Я обернулась. Знакомый голос, знакомые черты, он стоял позади меня, бледный, измученный, и кутался в плащ, видно, потеря крови давала знать о себе. Но он был здесь, мой супруг, он был рядом со мной…
– Ты упрекал меня в измене… – начала было я.
– Я был неправ. Знаешь… я не верю, что ты могла променять меня на кого-то.… Но и ты меня пойми, я же жутко ревнивый, сама же знаешь… берегись, слон!

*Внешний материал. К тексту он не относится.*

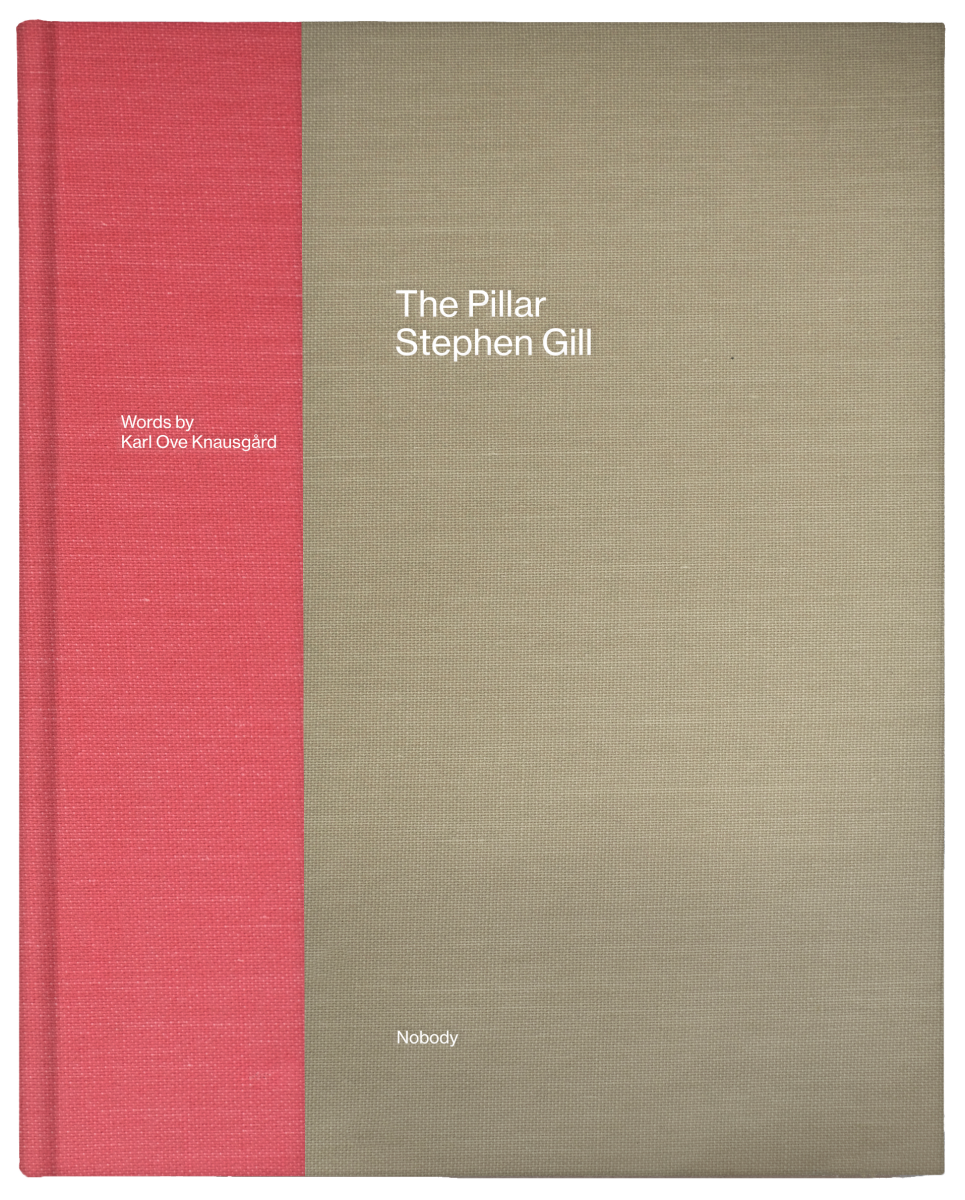 The Pillar - Stephen Gill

Давай, прикрой меня от слона, он на тебя наскочить не посмеет, я же сзади… А я пока королеву ихнюю зарублю…
Я была настолько очарована тем, что он снова со мной, что даже не понимала, что он говорит – а Эдуард тем временем уже выхватил свой меч, чтобы обрушить его на голову царицы…
– Не смей! – я бросилась к супругу, схватила его за руку. – Слышишь, не смей ее трогать!
– Ты что?! – он посмотрел на меня, как на сумасшедшую: должно быть, я и вела себя как сумасшедшая. – Но это же…
– Не трогай ее, она нам ничего не сделает! И никого не трогай, слышишь? Сегодня у нас будет совсем другая битва… ты только делай, как я скажу, и сегодня мы их одолеем…
Сергей еще раз посмотрел на часы, снова включил телефон, прислушался. Трубка вяло загудела, гудки текли, как удары сердца умирающего. На улице было темно, как в чернильнице, фонарь то пытался вспыхнуть, трепетал янтарно-рыжим светом, то выдыхался, умирал. Николая не было, и казалось, что его вообще нет – ни в этом городе, ни в этой стране. Домашний не отвечал, сотовый не отвечал, все телефоны как будто сговорились молчать. И улица молчала, не выпускала из чернильной темени фигуру человека в пальто.
Интересно, сколько придется ждать Николая на Московском чемпионате? А ведь не за горами, в марте обещали, а вот так же будет сидеть какой-нибудь гроссмейстер и ждать, пока наш Николенька изволит появиться. Лучше бы меня послали, ей-богу. Уж я-то не опоздаю.
От нечего делать Сергей начал расставлять фигуры. Король, ферзь, два слона… на златом крыльце сидели царь, царевич, король, королевич, сапожник, портной… Ряд пешек, ладьи куда-то задевались, кони тоже. Сергей доставил ряды пешек, вытащил четыре туры, растерянно посмотрел на пустую коробку. Коней не было, кони ускакали, сам виноват, что хранишь фигуры не в шахматной доске, а в коробке из-под конфет, вот они и разбегаются. Сергей посмотрел на столе и под столом, даже приподнял ковер, оттуда ореховой скорлупкой взметнулся пылевой жучок, но коней – всех четырех – не было.
Еще раз выглянул на улицу, в ночь – ночь молчала, не давала Николая, и коней тоже не давала, два черных, два белых коня пропали бесследно. Сергей распахнул шкаф, вытащил еще одну доску, маленькую, как будто игрушечную, подарили в прошлом году. Тогда он в новогодних подарках нашел три шахматные доски, еще кричал на всех, что не умеет играть на трех досках одновременно. А вот ведь пригодились, а то как сейчас без коней, которые ускакали куда-то…
Поставил коней, кони получились крохотные, какие-то пони на поле брани, ладно, пусть будут пони, не все ли равно. Поставил на место белого короля, этому королю вчера досталось больше всего, упал под стол, попал под ножку стула, треснул, бедняга – не думал, что лакированное дерево так быстро придет в негодность.